Cape Verdean port authority

ENAPOR (Empresa Nacional de Administração dos Portos, Portuguese for "National Company for Port Administration") is the Cape Verdean port authority. Its purpose is the administration, management and economic exploitation of the ports, terminals and zones of port jurisdiction of Cape Verde. It is a public limited company, 100% owned by the State of Cape Verde. Its current president is Jorge Pimenta Maurício. In 2017, 2,334,079 tonnes of cargo and 873,915 passengers were handled. The net income of ENAPOR was 187.8 million CVE in 2016.

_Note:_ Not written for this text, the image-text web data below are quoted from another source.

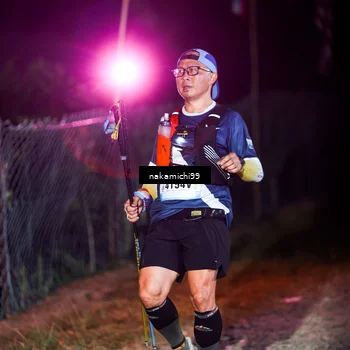Runner Photo 5606430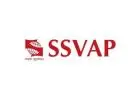 Filmmaking Institute in India | SSVAP Pune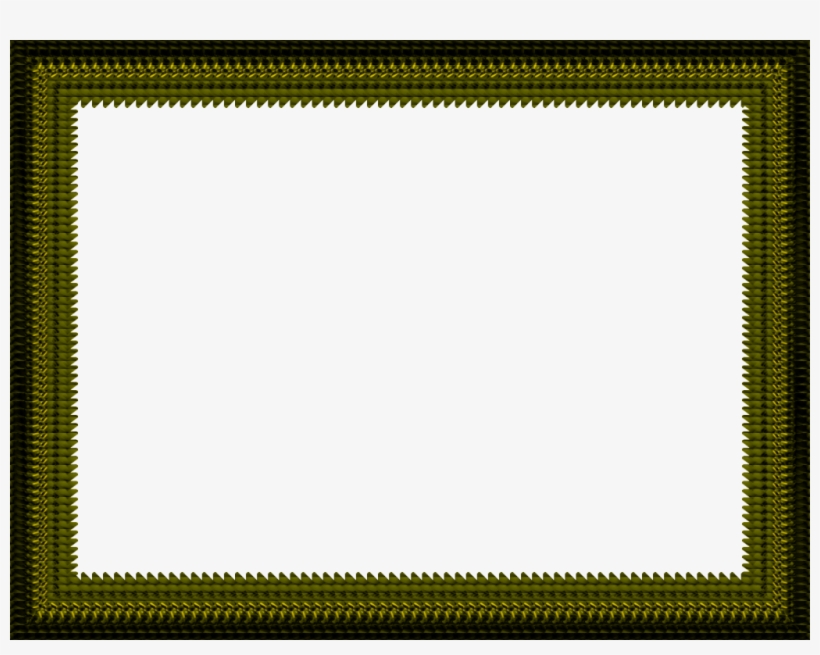 Run Away Quotes Photo - Art, transparent png download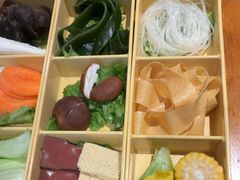 -呷哺呷哺 黄金牧场 (回龙观港龙店)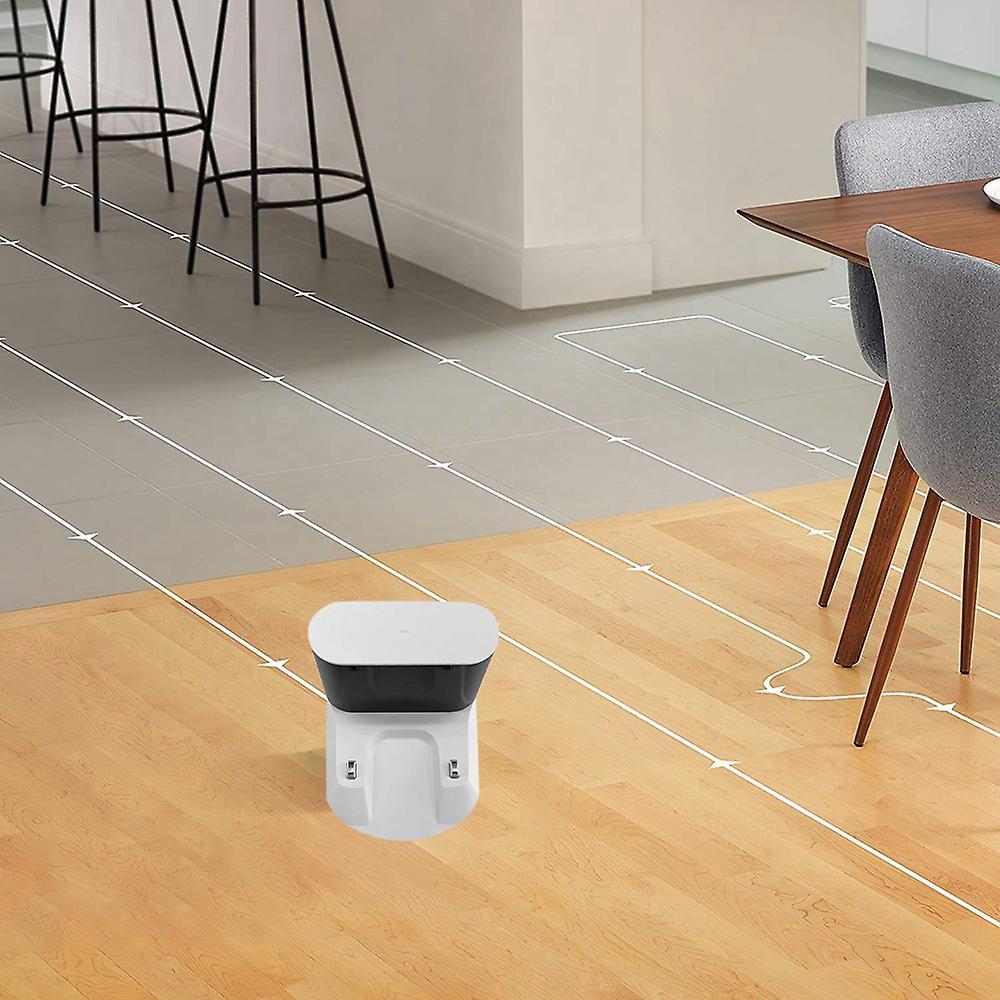 Charger Dock for Xiaomi Roborock S50 Max/s60 Pure Parts Charger Base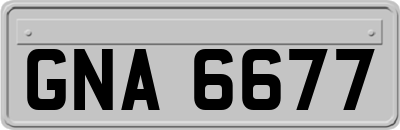 GNA6677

ENAPOR was established on 19 June 1982 as the successor of the former Junta Autónoma dos Portos de Cabo Verde. In 2005 there were plans to privatize ENAPOR and at least two major ports. An international tender for the sub-concession of the four major ports was launched in 2015, but this was cancelled in 2017.

==Ports==
ENAPOR manages the following ports:

| Port | Island |
|---|---|
| Sal Rei | Boa Vista |
| Furna | Brava |
| Vale de Cavaleiros (São Filipe) | Fogo |
| Porto Inglês | Maio |
| Palmeira | Sal |
| Praia | Santiago |
| Porto Novo | Santo Antão |
| Tarrafal de São Nicolau | São Nicolau |
| Porto Grande (Mindelo) | São Vicente |

The two busiest ports are Porto Grande and Praia, each covering about 35% of the maritime cargo traffic of Cape Verde. Several ports have been expanded and modernized recently, including Praia (2014), Palmeira (2015) and Sal Rei (2015). ENAPOR is a member of the International Association of Ports and Harbors (IAPH).